DocketNumber: No. 06-72817
Judges: Leighton, Pregerson, Wardlaw
Filed Date: 5/9/2008
Status: Precedential
Modified Date: 11/5/2024
MEMORANDUM
Timothy Hafer (“Hafer”) challenges the decision of the U.S. Department of Labor Administrative Review Board (“Board”). The Board dismissed Hafer’s “whistleblower” protection complaint against United Airlines (“United”) after a district court issued an order confirming United’s reorganization plan under Chapter 11 of the United States Bankruptcy Code (“Confirmation Order”). We review the Board’s decision de novo, Am. Fed’n of Gov’t Employees v. Fed. Labor Relations Auth., 204 F.3d 1272, 1275 (9th Cir.2000), and we affirm.
An OSHA investigator determined that Hafer’s complaint, filed against United under 49 U.S.C. § 42121(a) of the Wendell H. Ford Aviation Investment and Reform Act for the 21 st Century (“AIR 21”), was meritless. An Administrative Law Judge later dismissed Hafer’s appeal of the Occupational Safety and Health Administration (“OSHA”) investigator’s determination. Hafer appealed to the Board. In 2002, the Board stayed Hafer’s claim pursuant to United’s voluntary petition for bankruptcy. In 2006, after the bankruptcy judge confirmed United’s reorganization plan, the Board dismissed Hafer’s pending appeal because the claim had been discharged in the bankruptcy proceedings.

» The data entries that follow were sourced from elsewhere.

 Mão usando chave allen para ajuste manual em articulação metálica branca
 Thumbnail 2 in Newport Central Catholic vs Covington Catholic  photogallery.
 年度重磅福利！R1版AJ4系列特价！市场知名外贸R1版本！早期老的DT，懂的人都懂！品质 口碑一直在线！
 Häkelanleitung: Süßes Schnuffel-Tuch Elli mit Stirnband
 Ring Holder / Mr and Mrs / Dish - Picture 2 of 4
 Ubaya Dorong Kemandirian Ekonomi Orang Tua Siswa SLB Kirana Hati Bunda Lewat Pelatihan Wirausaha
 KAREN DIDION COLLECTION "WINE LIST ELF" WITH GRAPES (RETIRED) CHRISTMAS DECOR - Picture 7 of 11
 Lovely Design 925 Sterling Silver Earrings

The Board properly dismissed Hafer’s appeal. The Board’s decision is compelled by the terms of the Confirmation Order which enjoins the continuation of any claims against United. The decision is also consistent with the discharge provisions contained within the bankruptcy code. See 11 U.S.C. § 1141(d)(1)(A) (“[T]he confirmation of a plan ... discharges the debtor from any debt that
Hafer’s claim does not fall under any of the statutory exceptions to discharge and we reject his request that we judicially create a separate and unique exception to cover AIR 21 claims. See 11 U.S.C. § 523(a) (listing nineteen exceptions to discharge available for individual debtors); 1141(d)(6) (listing two exceptions to discharge that apply to corporate debtors, both relating to fraud); FCC v. NextWave Pers. Commc’n, Inc., 537 U.S. 293, 302, 123 S.Ct. 832, 154 L.Ed.2d 863 (2003) (“[Wjhere Congress has intended to provide regulatory exceptions to provisions of the Bankruptcy Code, it has done so clearly and expressly....”).

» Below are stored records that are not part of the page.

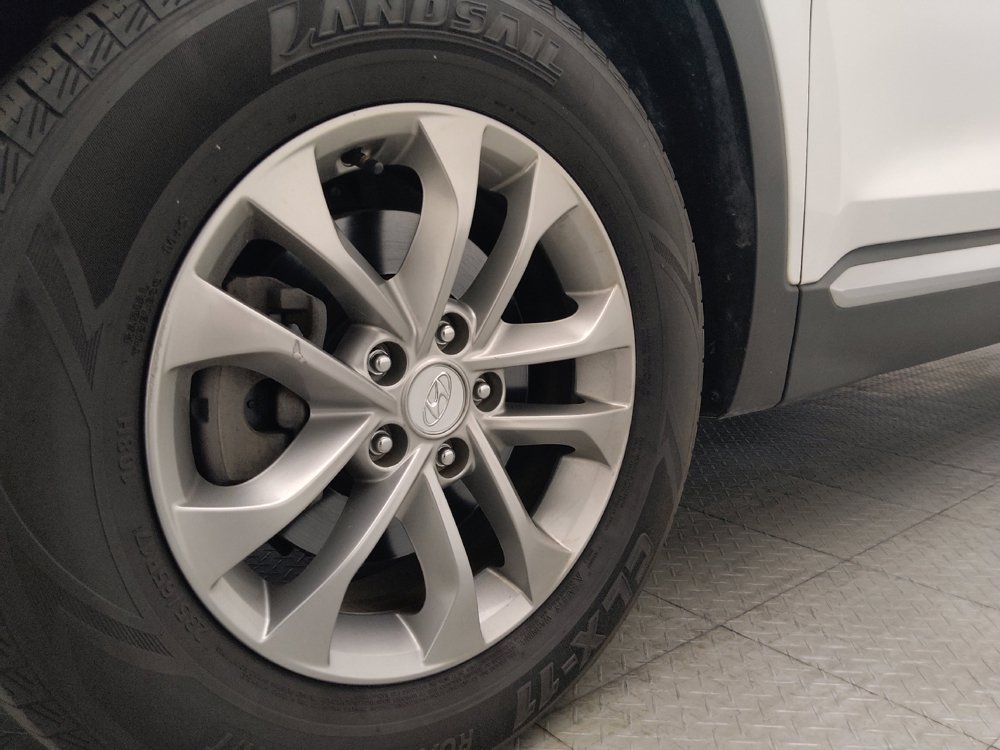 Used 2020 Hyundai Santa Fe SE AWD/4WD image 31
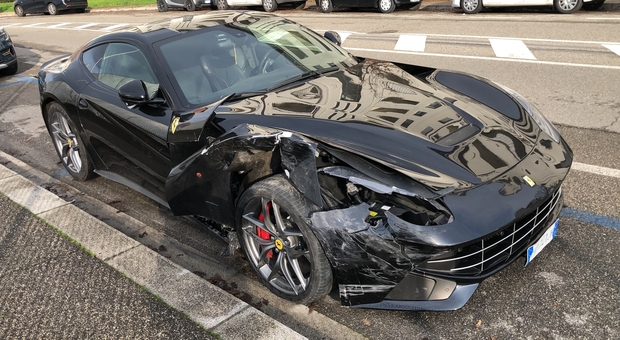 Capodanno col botto: la Ferrari si schianta contro 4 auto e l'imprenditore scappa a piedi FOTO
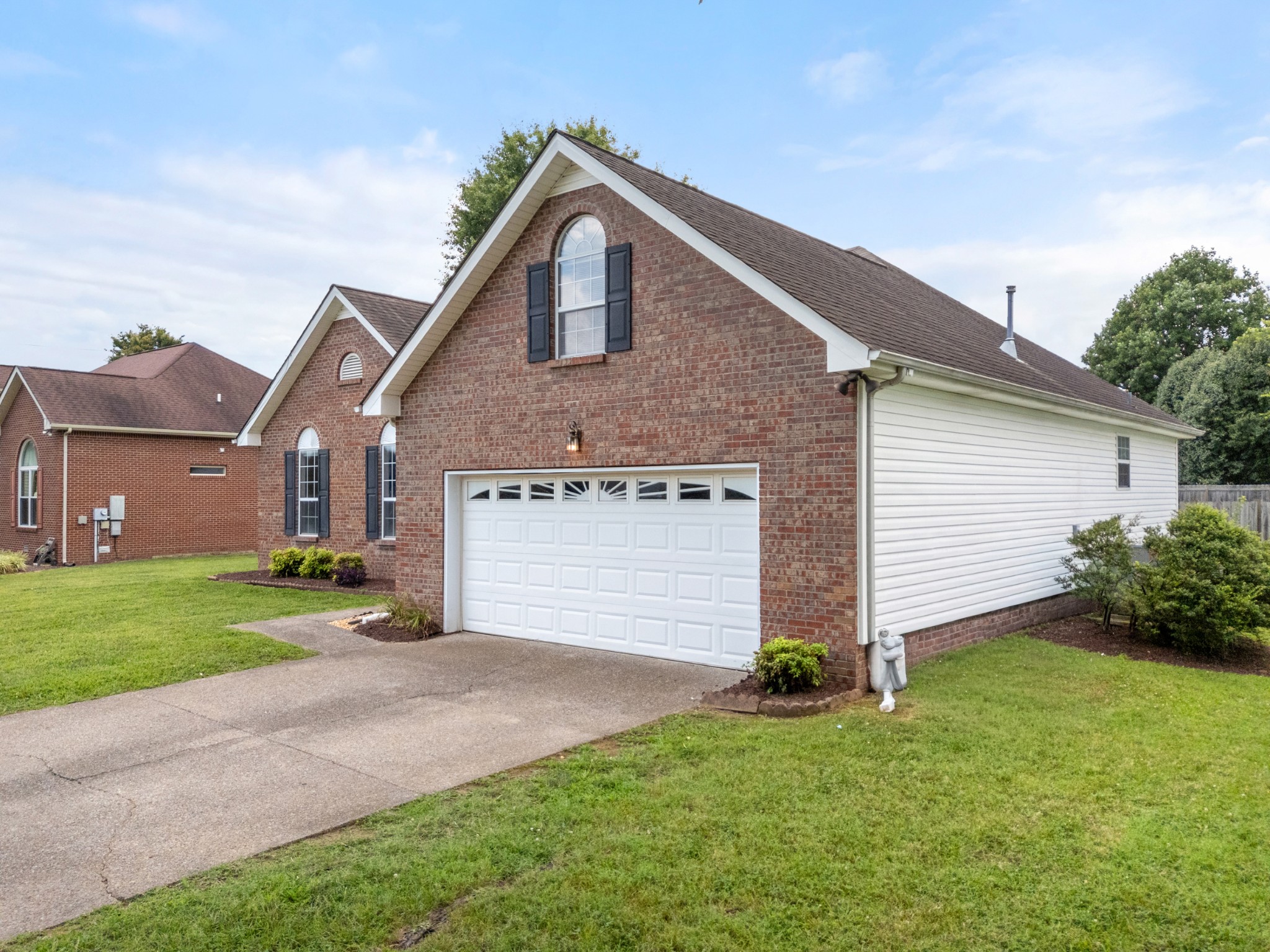 394 Buckingham Blvd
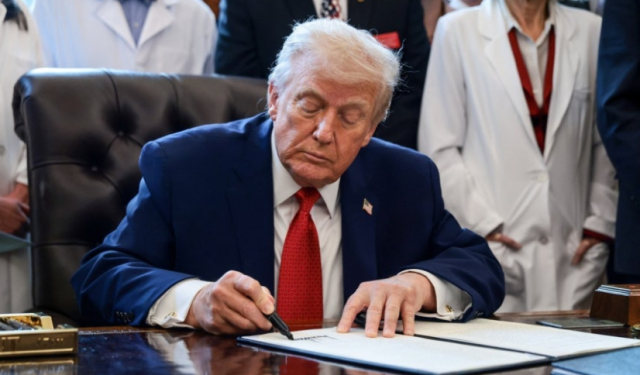 서명하는 트럼프 미국 대통령. 로이터 연합뉴스 자료사진.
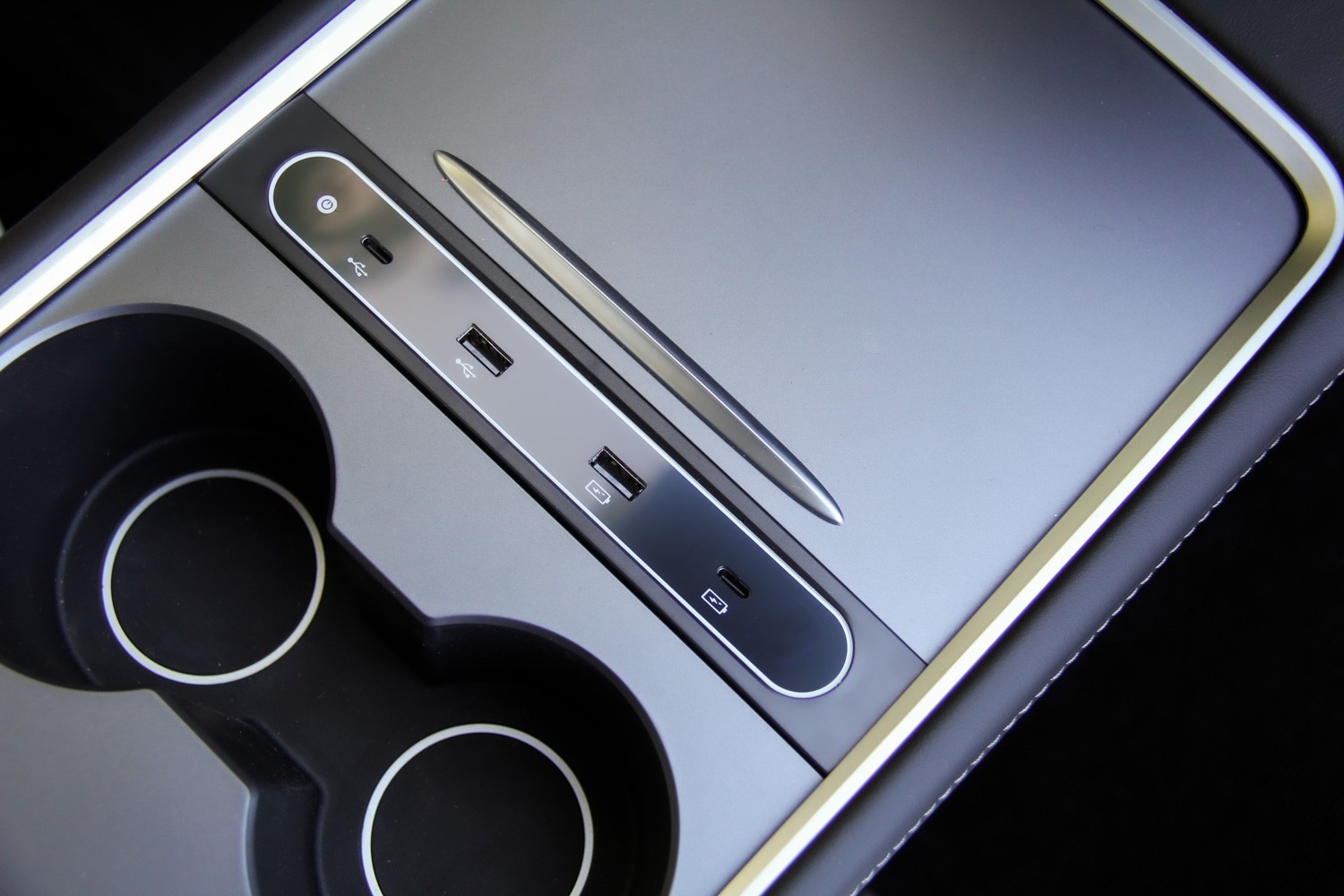 Tesla Model Y/3 USB Bar Inline Center Console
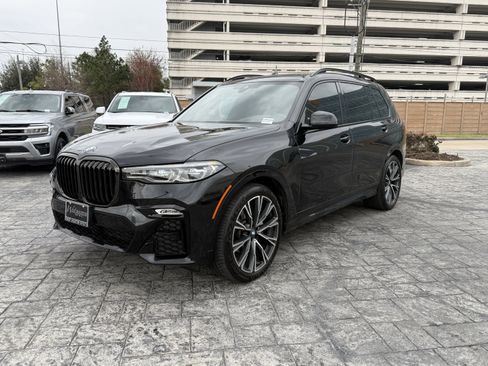 Used 2022 BMW X7 xDrive40i w/ M Sport Package image 3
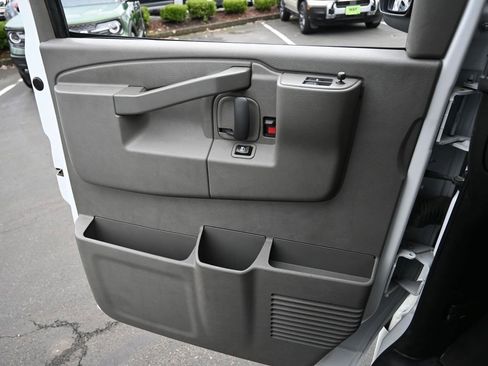 Used 2020 Chevrolet Express 3500 LT w/ LT Preferred Equipment Group image 12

Though we recognize that the policy underpinning AIR 21 is laudable, Congress crafted the discharge provision, along with the rest of the bankruptcy code, to provide debtors a “fresh start.” See Cent Va. Cmty. Coll. v. Katz, 546 U.S. 356, 364, 126 S.Ct. 990, 163 L.Ed.2d 945 (2006). The plain language of the Confirmation Order and the bankruptcy code foreclose our adoption of Hafer’s arguments.
Because we hold that the Board properly dismissed Hafer’s claims, we need not respond to Hafer’s contention that the Board erred when it initially stayed Hafer’s appeal. We note, however, that after he became aware of United’s bankruptcy petition, Hafer failed to avail himself of multiple opportunities to revive his claim. He could have filed a motion for relief from the automatic stay in the bankruptcy court, Fed. R. Bankr.P. 9014(a); 4001(a)(1), but did not. Further, he could have filed an interlocutory appeal from the Board’s initial stay determination, 49 U.S.C. § 42121(b)(4)(A), but did not exercise that option either.
No court has held that a claim such as this one — brought by a private party for compensatory damages and equitable relief, and dismissed by the agency as merit-less — falls within the statutory exception for stays brought “by [a] governmental unit to enforce [its] ... police or regulatory power.” 11 U.S.C. § 362(b)(4). We decline the opportunity to do so here.
AFFIRMED.
This disposition is not appropriate for publication and is not precedent except as provided by 9th Cir. R. 36-3.